Riceviamo e diffondiamo
Mercoledì 19 marzo un gruppo di solidali è stato fuori dal CPR di Brindisi Restinco per un breve saluto allx reclusx. Come altri cpr sul suolo italiano, il luogo si trova fuori dalla città, in un’area militarizzata, con alti muri di cinta e pali ancor più alti muniti di telecamere 360°. La struttura detentiva si trova nello stesso vetusto complesso del CARA, separata all’interno da un altro muro. É paradigmatico del trattamento delle strutture detentive (non solo per soggetti migranti) in questo paese l’aver non solo relegato in remota periferia il CPR/CARA, ma anche la virtuale impossibilità di trovarne traccia sulle mappe, che riportano solo la dicitura “CARA”. Questo è per noi un ulteriore tassello dell’invisibilizzazione e marginalizzazione delle persone deportate in questi luoghi e, perché no, della loro disumanizzazione agli occhi della cosiddetta “società civile” tutta.

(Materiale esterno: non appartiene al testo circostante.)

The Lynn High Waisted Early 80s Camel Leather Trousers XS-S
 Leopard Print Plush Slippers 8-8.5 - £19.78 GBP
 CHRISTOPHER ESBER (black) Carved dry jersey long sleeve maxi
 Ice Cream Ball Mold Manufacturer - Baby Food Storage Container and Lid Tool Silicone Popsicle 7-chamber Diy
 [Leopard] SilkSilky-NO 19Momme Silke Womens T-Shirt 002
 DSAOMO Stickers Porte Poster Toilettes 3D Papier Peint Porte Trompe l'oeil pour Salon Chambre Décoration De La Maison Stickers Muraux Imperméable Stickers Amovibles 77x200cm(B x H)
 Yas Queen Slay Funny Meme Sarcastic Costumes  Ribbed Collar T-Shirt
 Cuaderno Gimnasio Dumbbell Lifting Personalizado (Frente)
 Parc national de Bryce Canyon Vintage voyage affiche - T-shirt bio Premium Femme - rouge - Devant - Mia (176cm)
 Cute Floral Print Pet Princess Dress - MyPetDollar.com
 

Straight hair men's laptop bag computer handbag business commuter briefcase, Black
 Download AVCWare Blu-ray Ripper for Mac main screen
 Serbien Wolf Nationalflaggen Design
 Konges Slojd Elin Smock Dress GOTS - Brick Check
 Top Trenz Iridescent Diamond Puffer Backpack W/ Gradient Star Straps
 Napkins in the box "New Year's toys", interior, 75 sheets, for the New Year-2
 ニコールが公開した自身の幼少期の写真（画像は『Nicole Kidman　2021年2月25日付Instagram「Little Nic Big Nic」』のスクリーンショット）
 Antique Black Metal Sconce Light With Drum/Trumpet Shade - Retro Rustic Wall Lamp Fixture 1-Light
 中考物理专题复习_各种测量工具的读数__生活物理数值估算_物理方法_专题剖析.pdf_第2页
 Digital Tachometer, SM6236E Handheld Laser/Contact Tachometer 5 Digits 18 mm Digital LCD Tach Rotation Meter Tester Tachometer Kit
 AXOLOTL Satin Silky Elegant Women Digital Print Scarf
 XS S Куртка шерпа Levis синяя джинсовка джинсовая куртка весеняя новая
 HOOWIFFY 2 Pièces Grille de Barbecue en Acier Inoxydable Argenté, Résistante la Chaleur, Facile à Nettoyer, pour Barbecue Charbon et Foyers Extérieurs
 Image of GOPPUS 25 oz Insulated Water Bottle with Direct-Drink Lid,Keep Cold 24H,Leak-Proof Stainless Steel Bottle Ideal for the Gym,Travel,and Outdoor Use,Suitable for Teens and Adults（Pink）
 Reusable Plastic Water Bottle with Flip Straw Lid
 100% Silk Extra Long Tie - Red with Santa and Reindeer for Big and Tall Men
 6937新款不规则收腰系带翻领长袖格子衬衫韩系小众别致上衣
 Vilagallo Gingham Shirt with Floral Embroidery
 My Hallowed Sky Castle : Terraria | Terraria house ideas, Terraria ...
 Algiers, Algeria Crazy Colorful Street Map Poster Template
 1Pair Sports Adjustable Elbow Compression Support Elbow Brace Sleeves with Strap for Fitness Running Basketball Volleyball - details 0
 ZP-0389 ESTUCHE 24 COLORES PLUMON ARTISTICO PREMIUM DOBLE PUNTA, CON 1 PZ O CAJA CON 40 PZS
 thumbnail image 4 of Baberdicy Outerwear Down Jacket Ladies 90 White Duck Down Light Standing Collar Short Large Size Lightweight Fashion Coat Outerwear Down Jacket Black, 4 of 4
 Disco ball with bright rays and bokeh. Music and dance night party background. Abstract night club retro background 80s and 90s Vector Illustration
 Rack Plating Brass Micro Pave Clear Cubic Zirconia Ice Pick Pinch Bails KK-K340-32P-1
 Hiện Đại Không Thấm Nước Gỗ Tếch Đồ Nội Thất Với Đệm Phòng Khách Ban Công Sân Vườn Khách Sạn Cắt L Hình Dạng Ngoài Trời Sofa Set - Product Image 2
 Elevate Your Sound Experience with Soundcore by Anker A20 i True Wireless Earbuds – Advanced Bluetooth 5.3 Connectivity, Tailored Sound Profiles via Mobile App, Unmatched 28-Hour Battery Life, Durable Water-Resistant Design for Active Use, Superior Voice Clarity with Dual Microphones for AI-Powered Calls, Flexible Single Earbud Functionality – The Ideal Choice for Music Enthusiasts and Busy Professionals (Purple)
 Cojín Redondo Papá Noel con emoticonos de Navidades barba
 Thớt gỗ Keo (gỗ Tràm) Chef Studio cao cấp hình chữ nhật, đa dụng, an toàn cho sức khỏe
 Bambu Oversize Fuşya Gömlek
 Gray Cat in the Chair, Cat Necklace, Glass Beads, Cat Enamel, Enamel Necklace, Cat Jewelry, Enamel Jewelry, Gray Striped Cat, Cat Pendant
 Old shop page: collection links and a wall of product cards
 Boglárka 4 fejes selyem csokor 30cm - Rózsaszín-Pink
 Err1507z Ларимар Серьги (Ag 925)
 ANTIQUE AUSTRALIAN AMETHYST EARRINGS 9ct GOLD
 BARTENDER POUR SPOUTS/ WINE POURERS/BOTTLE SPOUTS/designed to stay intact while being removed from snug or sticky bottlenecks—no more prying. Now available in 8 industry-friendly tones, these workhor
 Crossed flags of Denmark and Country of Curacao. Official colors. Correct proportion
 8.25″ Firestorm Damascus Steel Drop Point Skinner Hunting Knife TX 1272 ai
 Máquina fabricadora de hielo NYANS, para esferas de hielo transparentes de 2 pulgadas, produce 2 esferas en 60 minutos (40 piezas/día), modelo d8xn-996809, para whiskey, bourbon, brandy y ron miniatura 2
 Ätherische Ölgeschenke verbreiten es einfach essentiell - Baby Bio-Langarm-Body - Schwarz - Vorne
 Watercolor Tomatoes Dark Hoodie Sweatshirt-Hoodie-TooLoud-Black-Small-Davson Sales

Lx solidalx hanno iniziato a gridare cori di solidarietà a cui subito è arrivata risposta da dentro, colpi sulle celle e grida che dicevano “libertà”, “aiuto” e “siamo bambini”. Si è provato a chiedere cosa intendessero con quest’ultima frase ma non si è ricevuta risposta e non si sa bene come interpretarla, probabilmente è in riferimento al fatto che ci sono persone molto giovani rinchiuse lì dentro. Lo scambio è durato poco e sono stati portati i saluti anche dallx compagnx di Napoli e tutta la solidarietà possibile ad M e A, che sono ora rinchiusi nel cpr di Brindisi. Loro vivevano a Napoli da decenni, prima di essere arrestati dopo un blitz nell’ex-chiesa in cui dormivano con altre persone, portati nella questura di Napoli e subito dopo nel cpr. Poco importano le situazioni personali e familiari di M e A: il giudice di pace ha da poco confermato la convalida delle loro detenzioni. L’obiettivo è sempre quello, rinchiudere e deportare chi non ha i “buoni” documenti, ancora di più se è poverx e non biancx. La storia di M e A mostra anche che i cpr sono utilizzati anche per quei territori, come Napoli, in cui non ci sono centri di espulsione. La logistica della detenzione e dell’espulsione funziona senza sosta e in ogni punto del territorio, bastano uno sbirro zelante, un controllo di documenti, una cella di sicurezza in una questura.
Questo avviene ancor di più nei centri urbani, attraverso l’ introduzione delle zone rosse, volte all’ allontanamento dei soggetti “pericolosi”, parcheggiatori abusivi, o comunque gente marginalizzata dalle piazze che ancora non sono turistiche, come stiamo vedendo accadere a Bari.
Per questa ragione,come rete attiva sul territorio contro ogni struttura detentiva, sentiamo la necessità di opporci all’inasprimento della repressione che tutela il mantenimento del divario fra la città vetrina e il ghetto, attraverso la costruzione di ponti e relazioni fra chi combatte ogni giorno per espandere il fuoco della solidarietà.